• _Work item_: Only the lines below from the one with "Carlos Acevedo 1" through the one with "Alexander Reyes |" are to be written out, exactly and without any images.

• _Records for the exercise_:
◇ ◇ ◇ ◇

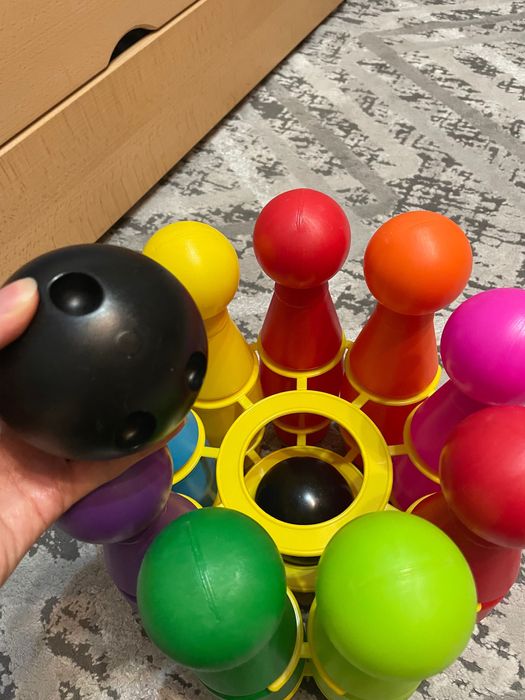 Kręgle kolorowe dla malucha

◇ ◇ ◇ ◇

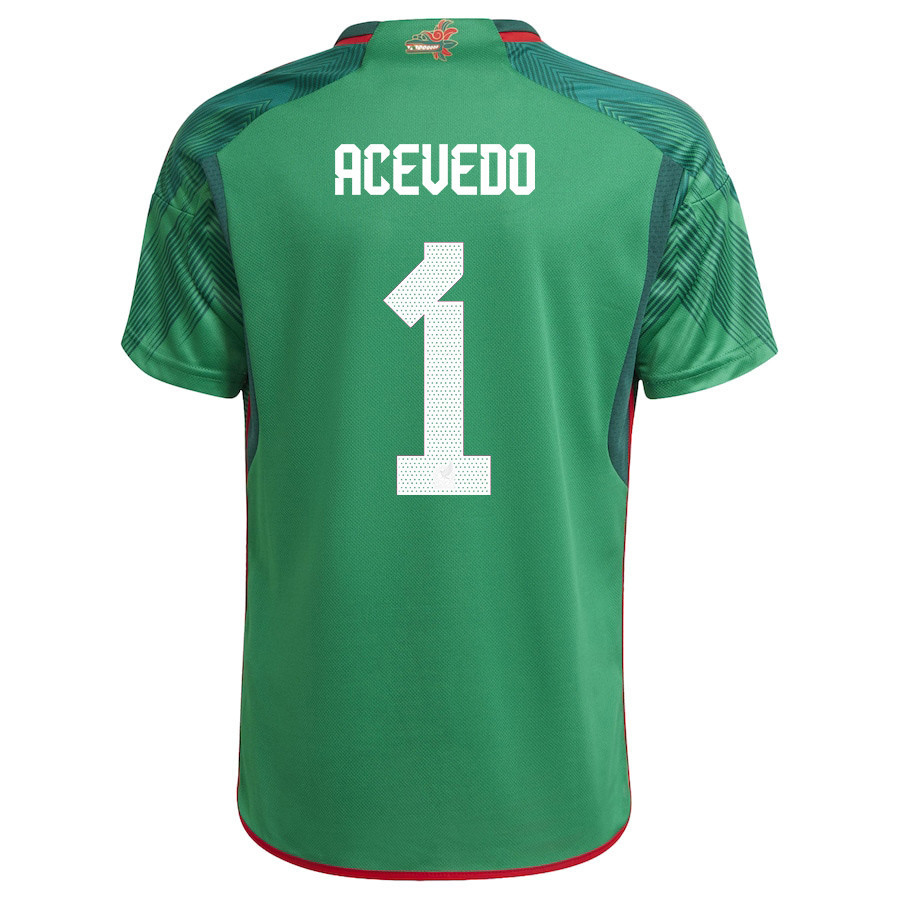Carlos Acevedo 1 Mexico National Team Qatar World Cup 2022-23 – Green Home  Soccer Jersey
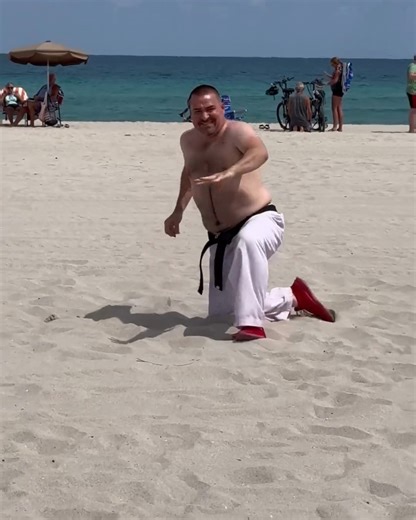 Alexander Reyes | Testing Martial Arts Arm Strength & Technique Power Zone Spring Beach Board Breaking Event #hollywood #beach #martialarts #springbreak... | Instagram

◇ ◇ ◇ ◇

• _Answer section_:
Carlos Acevedo 1 Mexico National Team Qatar World Cup 2022-23 – Green Home  Soccer Jersey
 Alexander Reyes | Testing Martial Arts Arm Strength & Technique Power Zone Spring Beach Board Breaking Event #hollywood #beach #martialarts #springbreak... | Instagram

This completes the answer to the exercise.